# Guttering



## Rozza1980 (7 Nov 2019)

Good evening. I wanted to see what people’s thoughts are regarding downpipe responsibilities.
I have today received a letter from my (extremely unfriendly) neighbour stating that they have had an issue with overflowing gutters since March. They are constantly sending us letters telling us to clear our gutters, despite us having this done each autumn. 
They are now asking us to pay £80 as they have discovered their issue is related to the downpipe being blocked. They have never approached us with regards to this issue. It’s not something we’d know there is an issue with, as the Osaka way is on their land and we’ve never had an issue ourselves. They’ve decided to have the works carried out whilst we were away as obviously it couldn’t wait another week, having already been a problem for 8 months!! They’re now stating that we are fully responsible for the downpipe - even though it is the only downpipe serving both properties - and that we are fully responsible for the £80 cost. 
their conclusion seems to be that we are responsive as the downpipe is on our property (it isn’t!).
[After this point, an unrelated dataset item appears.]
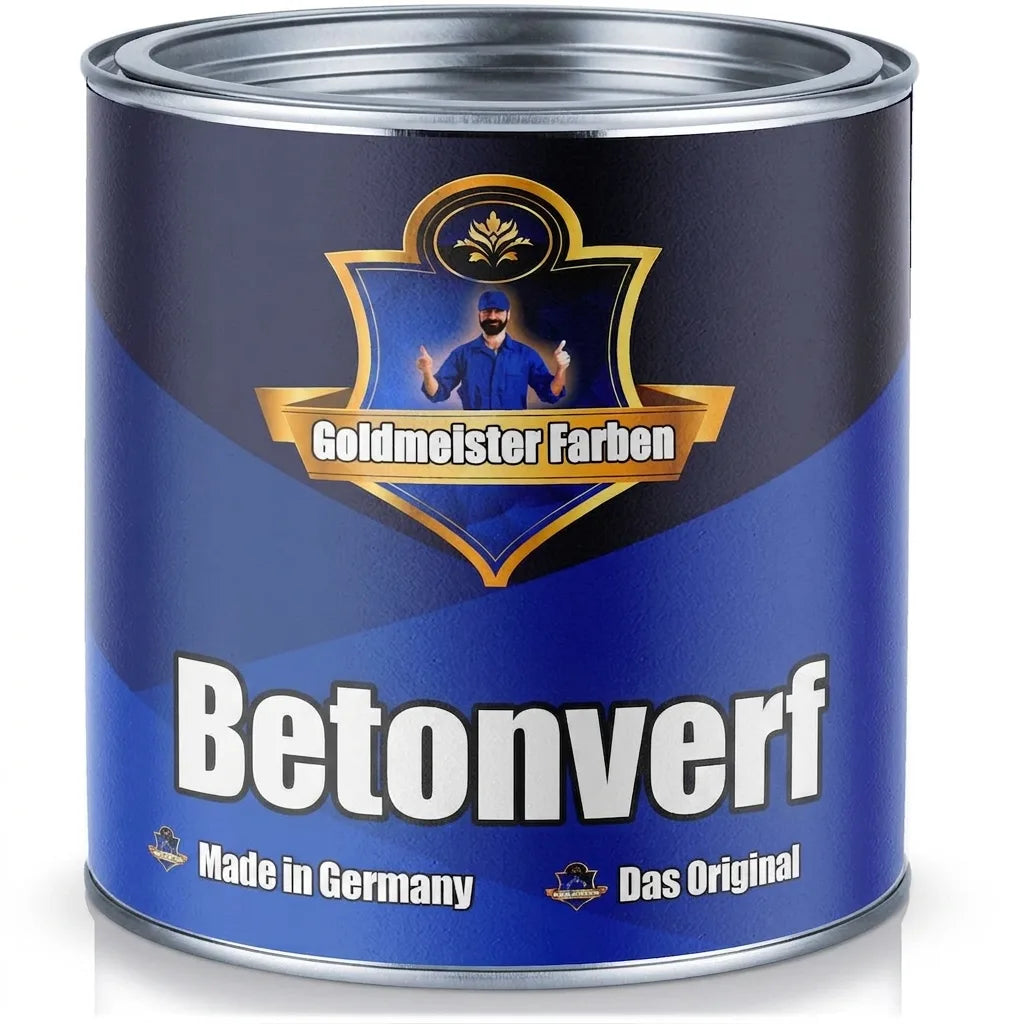 Blauw blik Goldmeister Betonfarbe (betonverf), met opschrift Made in Germany en Das Original.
I’ve attached a photo showing the properties (ours is the left in the picture) and so the downpipe is clearly on their property! 
I want to know if legally there’s anything they can do, as if anything, we should only be liable for half the cost


----------



## Slick (7 Nov 2019)

Is that plastic running into cast?


----------



## Slick (7 Nov 2019)

Looking at it again it's all plastic which should mean joint responsibility.


----------



## Drago (7 Nov 2019)

It looks to me like its attached to their house, not yours. I'd give them the ritual Japanese response of sodu offu. Had they asked nicely I would have gone halves seeing as your rainwater goes down it too, but your not responsible for maintenance of any part of their property...unless there is some legal covenant stating otherwise.
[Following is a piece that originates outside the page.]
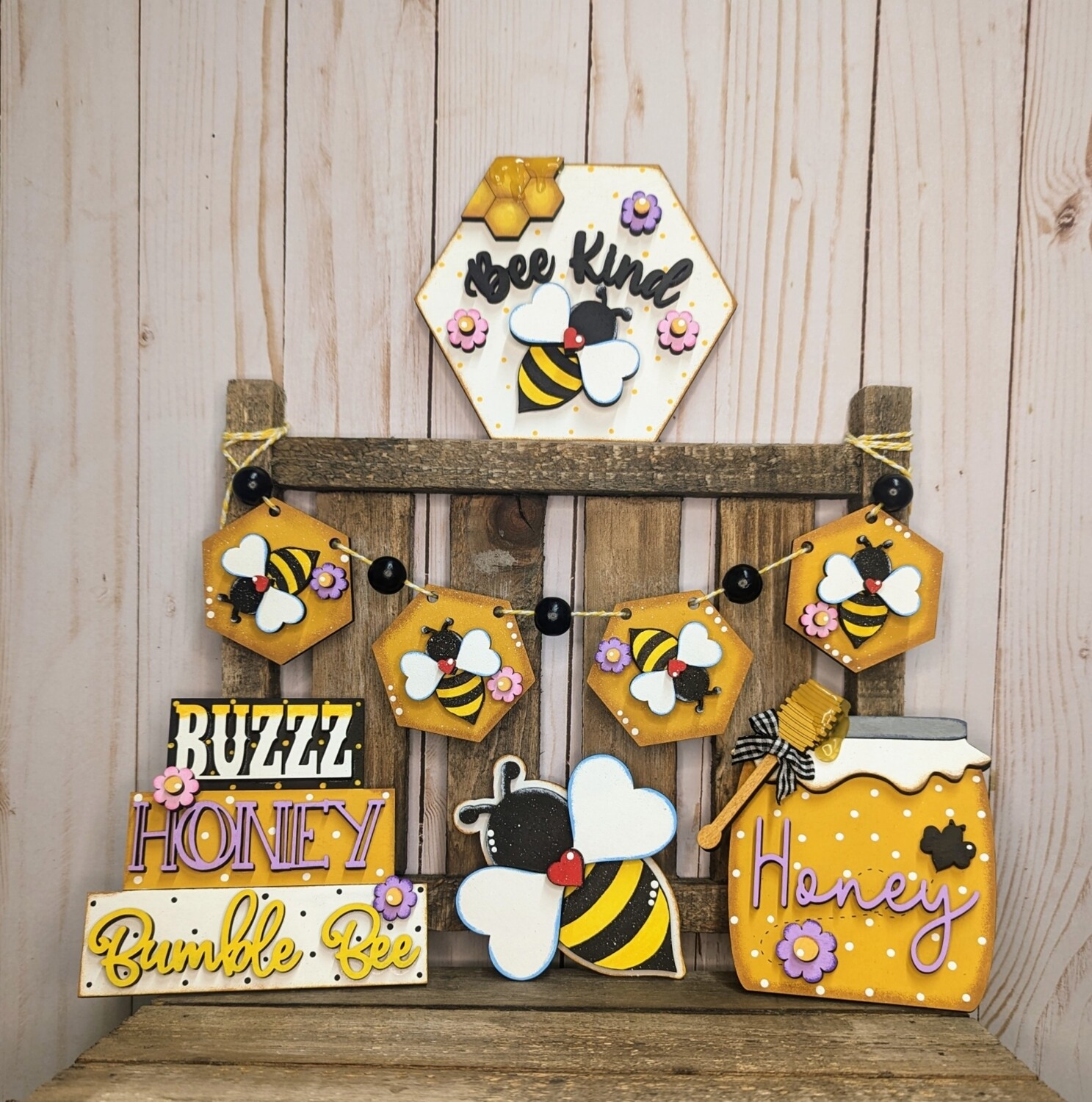 DIY Honey Bee TSM Tiered Tray Set Decor (Unpainted/Unglued)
BtW, who charges 80 quid to unbung a drainpipe? Even Jeremy Vine doesn't charge that for less than a minutes work.


----------



## Phaeton (7 Nov 2019)

Consult your deeds, either way even if you are 50% responsible it was their decision to go ahead without asking you. If you want the proper answer try https://legalbeagles.info/forums/


----------



## tom73 (7 Nov 2019)

I say check deeds too we have one joint one and one that next doors problem.


----------



## raleighnut (7 Nov 2019)

I'd say it is bolted to their house therefore their responsibility, I do note they were too tight to have it done in black when they had the gutters done though.


----------



## midlife (7 Nov 2019)

Yup, it's a deeds thing, you should have a reduction in your water charges as the waste goes into a soakaway. Check with the water people. They are responsible for the downpipe as its on their property and the deeds will reflect this.


----------



## Levo-Lon (8 Nov 2019)

It looks like the pipe is on their property going by the air bricks.
Does the downpipe feed into their side of the fence, boundary? So the pipe in the ground is on their land?

Same set up at my house with me having the drains and pipes.
I clean them out.

Tell him to crack on.

To solve the problem get some gutter guards fitted to your side then he cant blame you for leaf and moss blockage.
The headghog type is what id use.. If i was to fit them.


----------



## I like Skol (8 Nov 2019)

I would ask to see the receipt for the £80 expense, and then laugh at him and say he has been ripped off!


----------



## Cycleops (8 Nov 2019)

If the downpipe goes into a soakaway it could be it is not working properly and backing up, in which case no amount of cleaning will help. Are you having any problems or is it just him? 
You could try offering him forty quid to settle it stating while you accept no responsibility etc. The trouble with these sort of people they will always insist they are right no matter how wrong they are.
By the way welcome to the forum.


----------



## Drago (8 Nov 2019)

Reroute thr drainpipe through his letterbox. When he complains about the wet carpet you can advise him that the drainpipe clearly isn't blocked then.


----------



## sheddy (8 Nov 2019)

On the other hand is the wall stained in the photo ? Is it recent ?


----------



## sleuthey (8 Nov 2019)

The approach I would take is whilst the pipe may be on Thier side it is serving both houses so from a moral point of view the maintenance burden should be shared. 

However they had no right to self authorise the £80 worth of work if they expect you to contribute.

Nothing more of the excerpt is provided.